Notorious GOP political operative Lee Atwater was unable to finish writing his memoirs before he died of brain cancer in 1991, but after his widow passed away in March, his daughter allowed New Yorker journalist Jane Mayer access to the records.
"They included seven chapters of Lee Atwater's unpublished draft memoir, which had remained untouched since he succumbed to brain cancer, in 1991, at the age of forty, and at the height of his political career," Mayer wrote. "Atwater died before he could finish his memoir. What remains of it are hunks of yellowing typewritten pages, held together by rusting staples and paper clips. But the seven surviving chapters suggest that, far from dying along with him, the nihilism, cynicism, and scurrilous tactics that Atwater brought into national politics live on.

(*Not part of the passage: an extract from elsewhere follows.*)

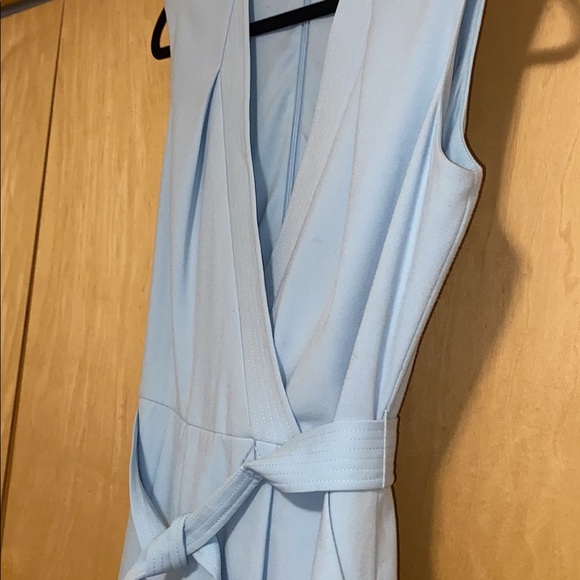 Tahari by Arthur S. Levine Women's Sleevless V-Neck Crepe - Picture 9 of 16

In many ways, his memoir suggests that Atwater's tactics were a bridge between the old Republican Party of the Nixon era, when dirty tricks were considered a scandal, and the new Republican Party of Donald Trump, in which lies, racial fearmongering, and winning at any cost have become normalized."
Atwater, had been partners in a Washington political firm with Roger Stone and Paul Manafort, had no interest governing.
"I've always thought running for office is a bunch of bullsh*t. Being in a office is even more bullsh*t. It really is bullshit," he wrote. "I'm proud of the fact that I understand how much BS it is."